Yunanistan’da da benzer bir tablo gözlemleniyor. 2024 yılı itibarıyla obezite ilaçlarına yapılan harcama yüzde 82,5 artarak 93 milyon euroya ulaştı. Ancak ülkede, hayati tehlike oluşturan durumlar dışında bu ilaçların reçetesi yasak. Doktorlar, hastalarda diyabet tanısını resmi olarak kanıtlamak zorundadır; bu durum, yasal kullanımın neredeyse imkansız hale gelmesine yol açmaktadır.
Diğer Ülkelerdeki Gelişmeler
Portekiz’de GLP-1 ilaçlarına olan ilgi hızla artıyor. Yanı sıra, İspanya’daki zayıflama ilacı pazarı 2023'te 293 milyon euro iken, 2024’te yüzde 65'lik bir artışla 484 milyon euroya ulaşması bekleniyor. Ancak hala ülkede bu ilaçlar, sadece uzman doktorlar tarafından yazılmakta ve geri ödemeye tabi olmamakta.

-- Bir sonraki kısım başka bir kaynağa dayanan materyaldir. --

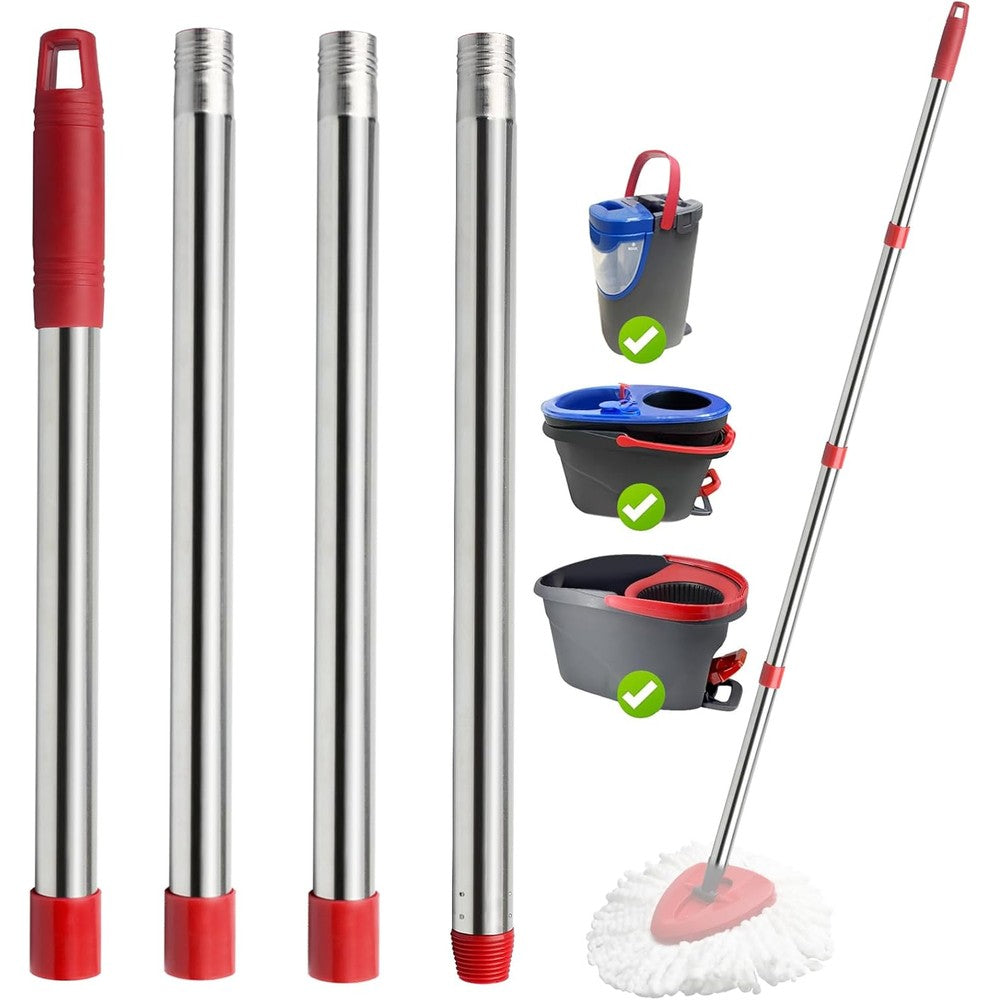 HiBaBy 4 section spin mop replacement handle front view showing full extension.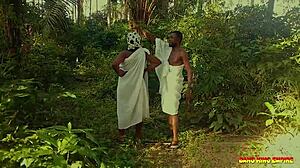 i pound my naughty ex-gf's hairy pussy deep in outdoor bush quickie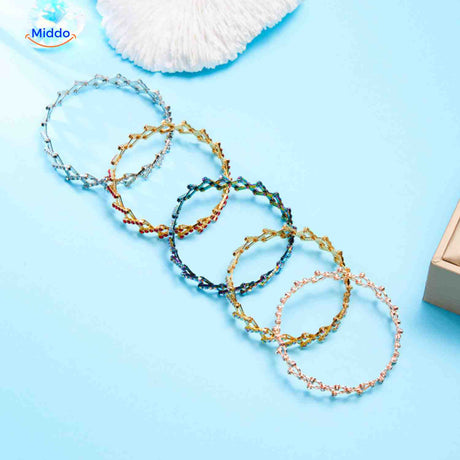 Morphix Ring goud armband met rode strass www.middo.nl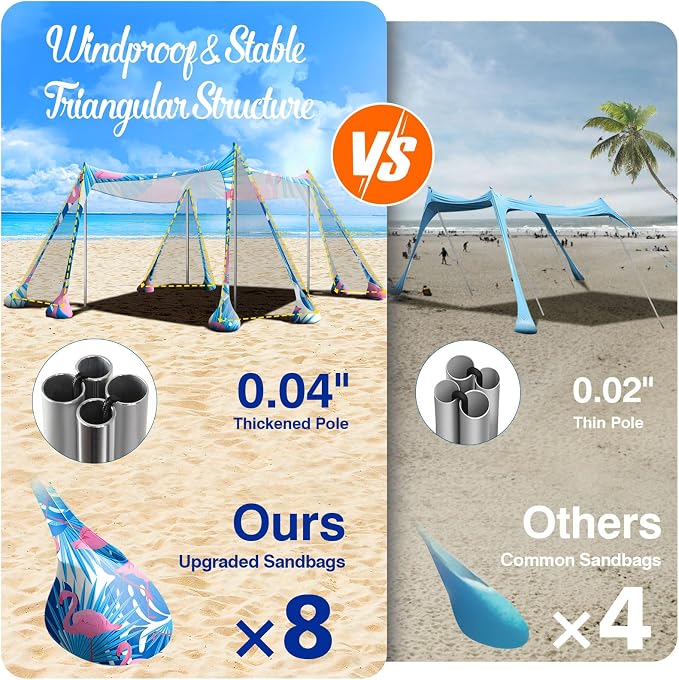 Rhino Valley Beach Tent Shade Canopy UPF50+ Protection, 8 Sandbags, 4 Stability - Image 3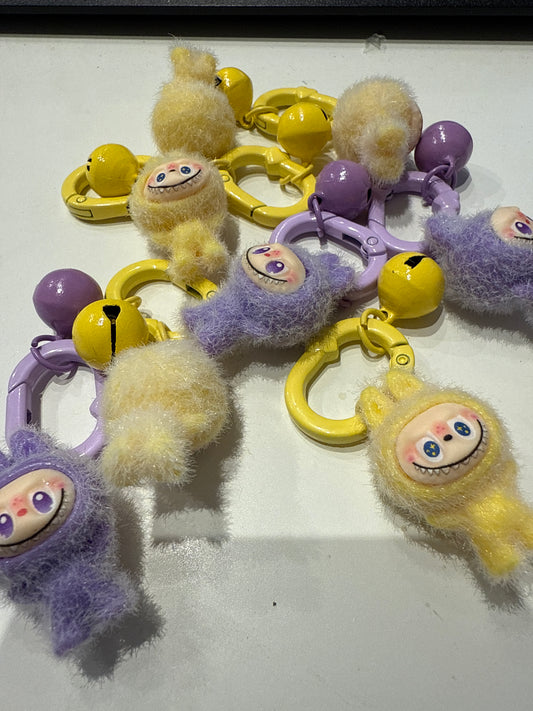 Labubu Key Charm with bell Baby Yellow/Pink or Brown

Almanya’da ise Wegovy ve Mounjaro ilaçlarına olan talep hızla artmakta, ancak bu ilaçların geri ödeme kapsamı sınırlı. Yalnızca ciddi kardiyovasküler risk taşıyan obezite vakalarında bu ilaçlar geri ödemeye uygun hale getirildi. Buna karşın, GLP-1 ilaçlarının satışlarının 2030 yılına kadar 700 milyon euroyu geçmesi bekleniyor.
Sonuç: Gölge Pazar ve Toplumsal Etkiler
Avrupa genelindeki kamu sağlık sistemleri, artan kilo kaybı taleplerine yanıt verme konusunda zorluklar yaşıyor. Obezite, hala birçok devletin gözünde kontrol altına alınması gereken bir sorun olarak görülse de, düzenleyici çerçeveler ve geri ödeme politikaları bunun gerisinde kalmakta. Resmi tanısı olmayan bireylerin cepten ödeme yaparak bu ilaçlara erişmesi, hızla büyüyen bir gölge pazar oluşturuyor; bu durum, sağlık politikalarının yeniden değerlendirilmeye ihtiyacı olduğunu ortaya koyuyor.
Özetle, GLP-1 ilaçlarının kilo verme amaçlı kullanılmasının artışı, Avrupa’da hem ekonomik hem de sağlık alanında derin etkiler yaratmakta ve bu durum, sağlık sistemleri üzerinde birtakım baskılar doğurmakta.